#### [Aim of the exercise]
First find the line with "baolaocai_11.jpg", then reproduce it and all following lines of the data to the end, exactly and with no pictures, adding nothing.

#### [Exercise data]
>>>

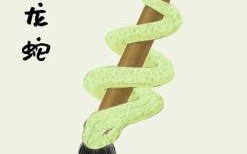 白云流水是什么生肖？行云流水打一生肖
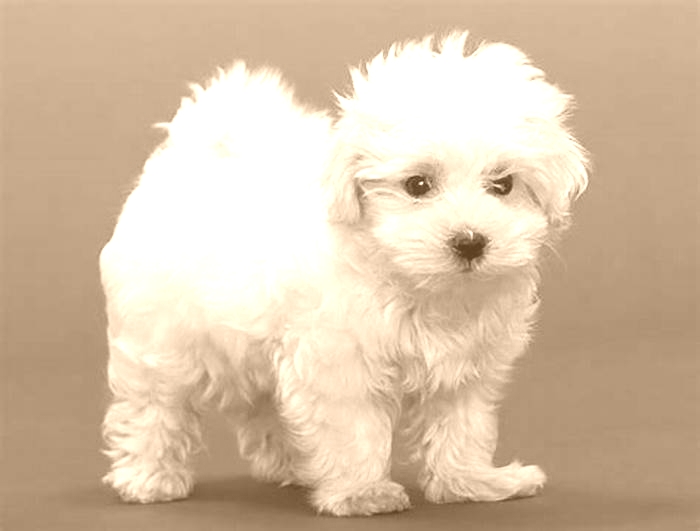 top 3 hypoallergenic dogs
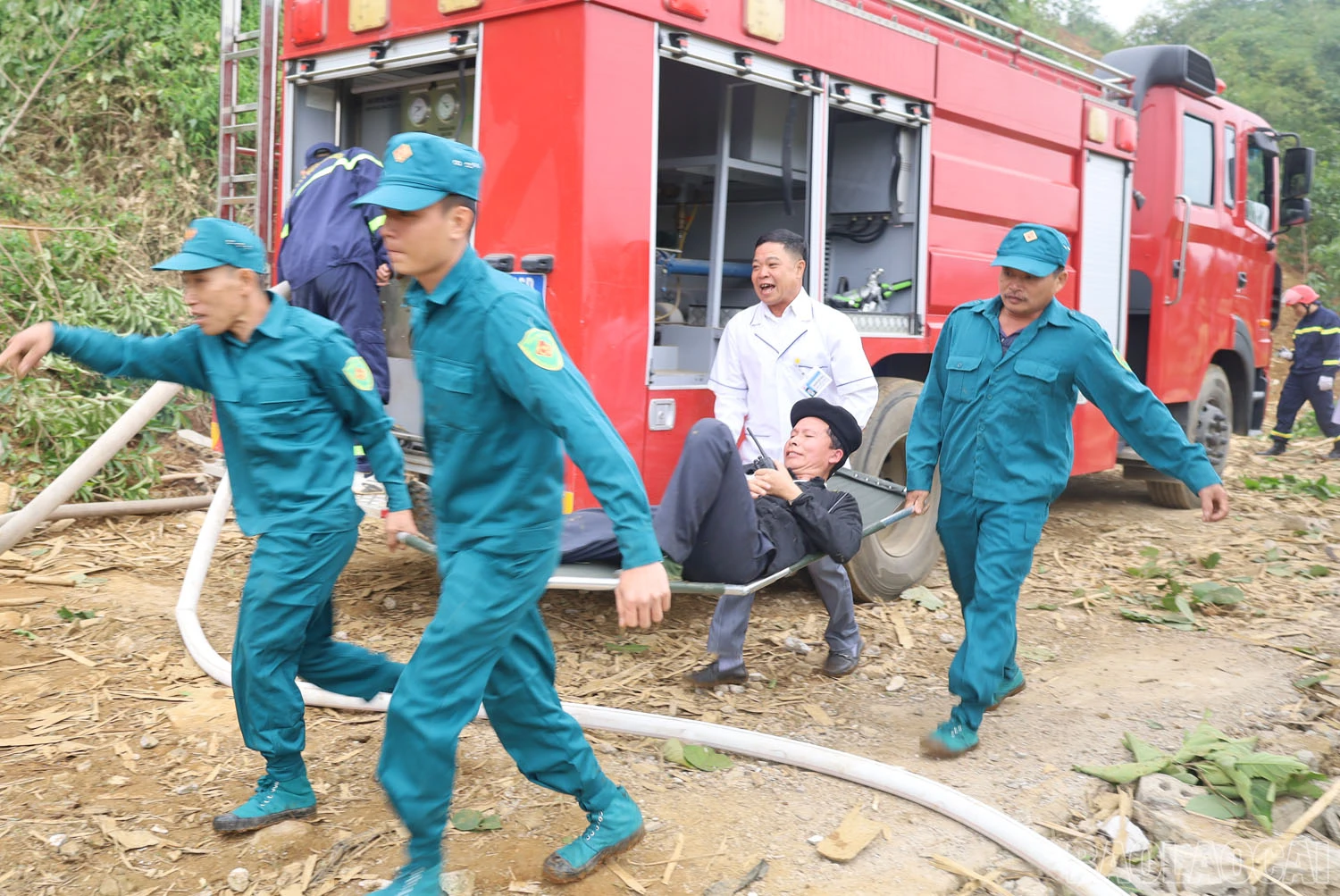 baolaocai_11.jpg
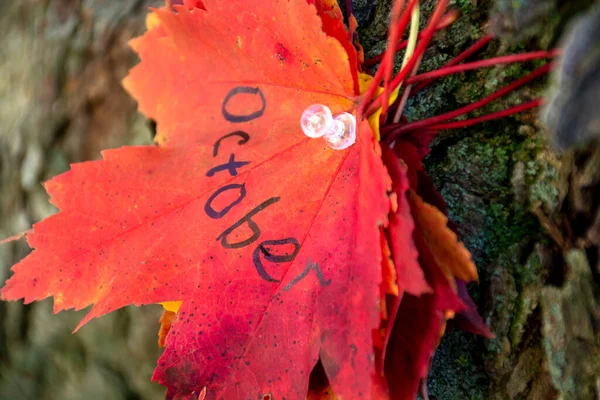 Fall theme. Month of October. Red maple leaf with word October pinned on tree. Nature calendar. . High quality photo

<<<

#### [Expected answer]
 baolaocai_11.jpg
 Fall theme. Month of October. Red maple leaf with word October pinned on tree. Nature calendar. . High quality photo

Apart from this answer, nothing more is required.